### TASK DETAILS
The answer is the full set of records, given again exactly and without images.

---- RECORDS FOR PROCESSING

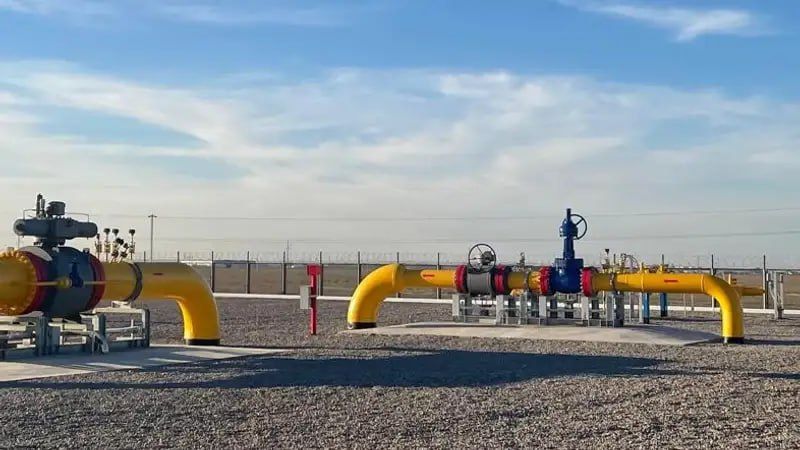 � ���������� �������� ��� �����������-����� � ���������� ��������, �������� � ������������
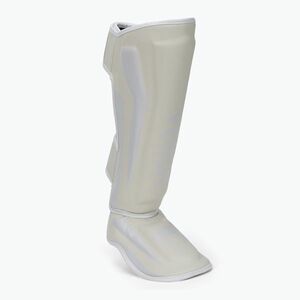 Venum Elite Standup lábszárvédő fehér VENUM-1394 kép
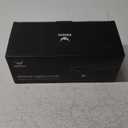 Espresso Tamping Station 54mm For Breville Espresso Machine Accessories, Rosewood Portafilter Holder Tamping Mat Espresso Coffee Equipment (Classic)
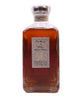 Nikka The Blend of Nikka 17 years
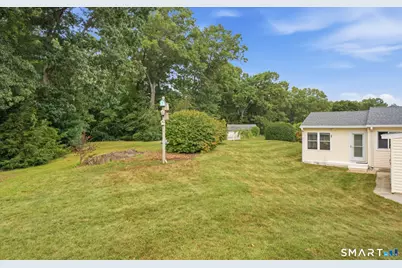 29 Lowery Drive, Southington, CT 06489 - Photo 32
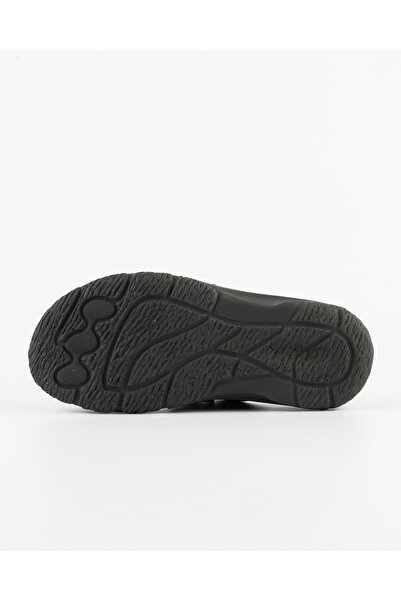 DR KLOMPA Papuci confortabili pentru bărbați cu tălpi ortopedice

--------

### TASK RESPONSE
 � ���������� �������� ��� �����������-����� � ���������� ��������, �������� � ������������
 Venum Elite Standup lábszárvédő fehér VENUM-1394 kép
 Espresso Tamping Station 54mm For Breville Espresso Machine Accessories, Rosewood Portafilter Holder Tamping Mat Espresso Coffee Equipment (Classic)
 Nikka The Blend of Nikka 17 years
 29 Lowery Drive, Southington, CT 06489 - Photo 32
 DR KLOMPA Papuci confortabili pentru bărbați cu tălpi ortopedice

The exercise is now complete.